Nuvia: don’t hold your breath

With the caveat that there are only just over 100 Geekbench entries for the 8 Elite (OnePlus PJZ110), and I am comparing phone soc and laptop ones, I thought it might be interesting to take a look at some charts showing areas of improvement between the 8 Elite, it’s predecessor and the competition.
Nice work!

But I really have to wonder... if you get to remove Object Detection from the A18P, why not remove Photo Filter from the SD4?

I don't actually want you to do that - my point is that this whole pussyfooting around the butthurt who cry foul because Apple implemented SME is ridiculous. The scores are what the scores are. If QC wants to bench higher on that subtest, they can damn well implement SME too.

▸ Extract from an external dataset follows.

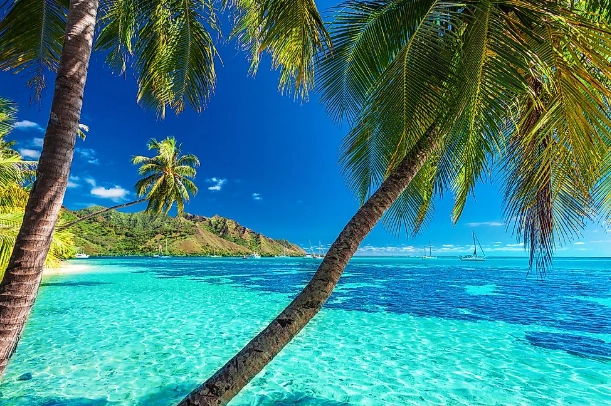 Your Ultimate Guide to Tahiti Tourism from the USA: Flights, Costs & Tips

It's valuable being able to see subtest scores, as that helps understand what's happening. Removing them though, that's a mug's game. We shouldn't be changing the goalposts.
 
Nice work!

But I really have to wonder... if you get to remove Object Detection from the A18P, why not remove Photo Filter from the SD4?

I don't actually want you to do that - my point is that this whole pussyfooting around the butthurt who cry foul because Apple implemented SME is ridiculous. The scores are what the scores are. If QC wants to bench higher on that subtest, they can damn well implement SME too.

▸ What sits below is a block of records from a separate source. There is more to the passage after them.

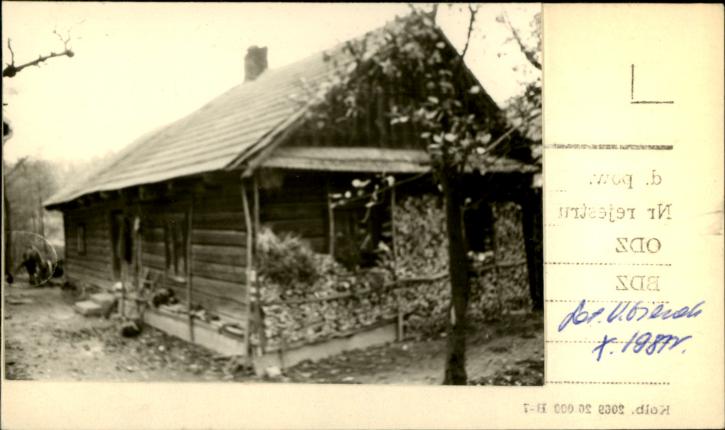 dom, skan 2
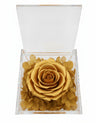 Rosa Stabilizzata Oro in Cofanetto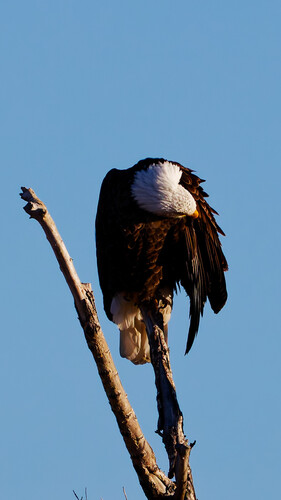 Bald Eagle photographed in Utah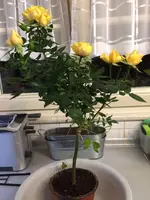 2018-02-18 Discounterrose.jpg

It's valuable being able to see subtest scores, as that helps understand what's happening. Removing them though, that's a mug's game. We shouldn't be changing the goalposts.
I have a great deal of sympathy with this viewpoint. I think in my case I did it both ways just in case people wanted to know. In a situation where we wanted to know what the ipc change is, removing sme has some value probably. Other than that, I agree the device is what it is and should be treated as such.

Edit. I also find Qualcomm testing the 8 Elite vs the iPhone 16 using geekbench 6.2 a bit shady for this reason. 6.3 came out months before the iPhone release. Why should it be tested with an older version?
 
Last edited:
With the caveat that there are only just over 100 Geekbench entries for the 8 Elite (OnePlus PJZ110), and I am comparing phone soc and laptop ones, I thought it might be interesting to take a look at some charts showing areas of improvement between the 8 Elite, it’s predecessor and the competition.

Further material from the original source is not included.